What’s in a Rate?
Today’s Ask Jack question explores the rate environment, and how Members Credit Union sets its rates.
Why when the Federal Reserve has hit historical low lending rate of 1% that the credit union raises their lending rates CAR 6.25% Best vs last months of 6.0% and the unsecured credit line 12.5% vs last months 11.75% it seems they are moving in the wrong direction. I would think at the least to stay pat.”
- Loren W.
To answer this question let’s first start with an explanation of what the Federal Reserve Target Rate (FFTR) is and what it is not. The FFTR is actually not even a rate at all. It’s is a target. The Federal Reserve’s twelve regional banks, after setting aside a mandatory level of deposits, makes overnight or short-term funds available to financial institutions to cover the ebb and flow of daily expenses (and, more importantly to meet mandatory reserve limits). The rate on these loans is determined by market conditions, which the U.S. Federal Reserve manipulates (via the buying/selling of treasuries, adjustment of reserve requirements, etc.) to meet the target rate. These bank-to-bank loans are as close to risk-free as loans can get. This is because these loans are: a) Extremely short-term, often paid back in full within several hours; and b) Extremely small in relationship to the borrower’s (a bank with millions of dollars on deposit) ability to repay.
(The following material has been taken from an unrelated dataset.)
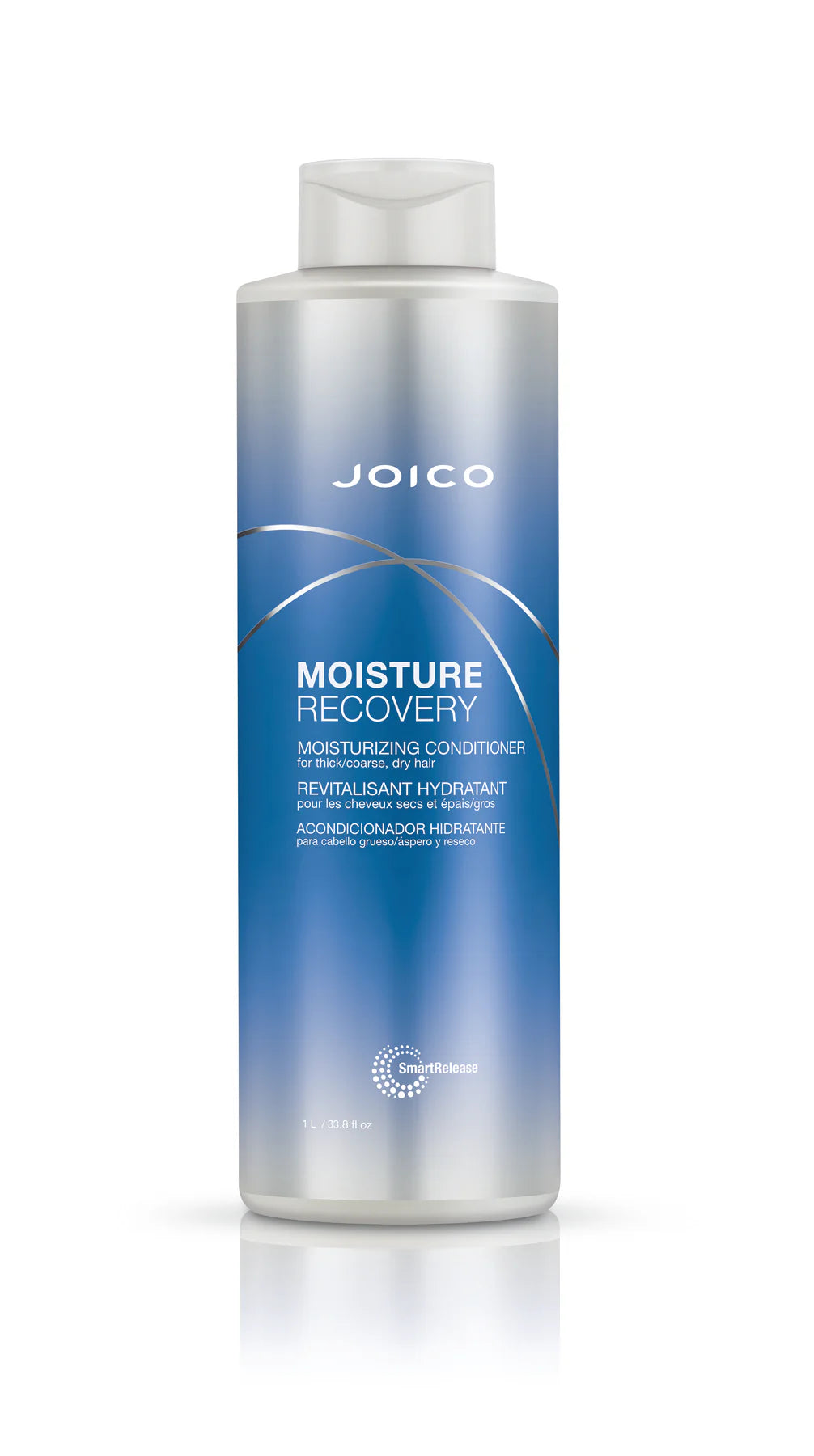Joico Moisture Recovery Conditioner bottle, 1 liter, with sleek packaging, suitable for hydrating and nourishing hair.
This distinguishes overnight bank-to-bank borrowing from traditional consumer borrowing quite dramatically. That said, many financial institutions use the FFTR as an index by which they determine certain consumer loan rates. Take the “prime rate”, for example. Many consumers with home equity loans have a rate tied to “prime”. “Prime” is generally three percentage points higher than the FFTR. So, if the FFTR is 1%, “Prime” is typically 4%. If you have a home equity line of credit for “prime plus one,” then your rate is 5%.
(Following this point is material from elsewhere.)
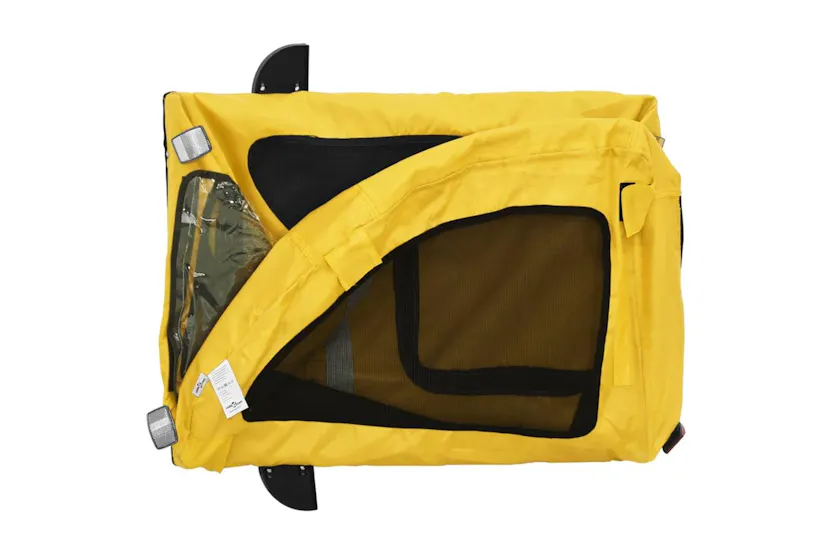 Vidaxl Pet Bike Trailer Yellow Oxford Fabric And Iron Vidaxl Pet Bike Trailer Yellow Oxford Fabric And Iron
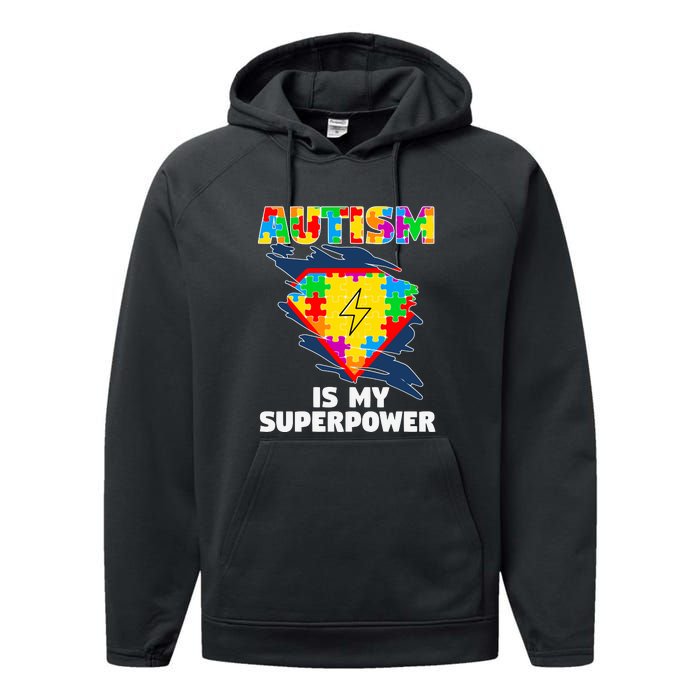 Autism Is My Super Power Superhero Puzzle Autism Awareness Performance Fleece Hoodie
Different types of consumer loans, though, are tied to different indices. First mortgage and student loans, for example, are often tied to the behavior of treasury bond yields. Because changes in FFTR do no necessarily affect treasury bond yields, these rates move up and down independently from the FFTR.
A component of the rate we attach to Members Credit Union’s unsecured variable-rate loans is tied to the 2-year Treasury note (T-Note). Each month from March 2008 to June 2008, 2-year T-Note yields actually increased. The good news is that since then, we have seen a marked decrease in that index. We expect this trend to continue, which will mean a likely rate reduction on unsecured variable rate loans when they are next adjusted January 1, 2009.
Secured, fixed-rate loans such as automobile loans are set by our rate committee based on market factors such as competitor rates, member demand, and our balance sheet. Historically, we have maintained extremely competitive rates. For example, the national average 60-month new automobile loan rate is currently 7.19%, while the national average used automobile rate is 7.67%. Our current rate of 6.00% on both new and used automobile loans (with 20% down and automatic payments through an MCU account) compares quite favorably to these figures, especially when you consider that the above national average rates assume a minimum credit score of 700.
Members Credit Union returns earnings to members in the form of lower loan rates, higher deposit returns, fewer and lower fees, and improved service offerings. This philosophy has mandated that our rate sheet gives members the best possible prices on loans and deposit products we can possibly offer. We spend a great amount of time and energy creating this scenario for members, and I couldn’t be happier with the results. Across the board, we are confident that our rates and fee schedule, combined with our branch footprint and service offerings, are the best deal possible for members.
Then why is are our goverment telling us these lower fed rates are to lower the interest rates for personal loans as well as car/credit card rates which are typically longer period of times then what Jack has stated who are we to believe??????
yours, Mr. Whan
Mr. Whan,
Thank you for your comment! Perhaps I didn’t explain the relationship between the Fed Rate and consumer loan rates clearly enough. The Fed Rate allows banks to more affordably borrow from other banks. In most cases, this decrease in overnight expenses allows cost savings to be passed on to consumers.
This is, however, an “apples to oranges” comparison. Overnight bank-to-bank lending is a completely different animal than financial institution to consumer lending. Loan terms, risk levels, loan debt-to-value ratios, etc. are vastly different.
Lower FFTR does not necessarily mean lower consumer loan rates for this very reason. Because a component of our rate is tied to a Treasury Bill index, such market factors such as FFTR play a small role in the rate environment. However, that is a highly indirect and inconsistent factor. Just as you would not want the federal government setting prices for eggs, milk, gasoline, and automobiles, I would imagine you appreciate a financial institution’s ability to adjust rates independently. This way, market factors (pairing willing “buyers” with willing “sellers”) can dictate pricing.
Again, there are two pieces of good news to share in terms of variable rate loans at Members Credit Union. 1) Our rates are currently very competitive in today’s credit market; and 2) The 2-Year T-Note has fallen to a level that almost guarantees we drop our rates on the next quarterly rate committee meeting (for 1/1/2009).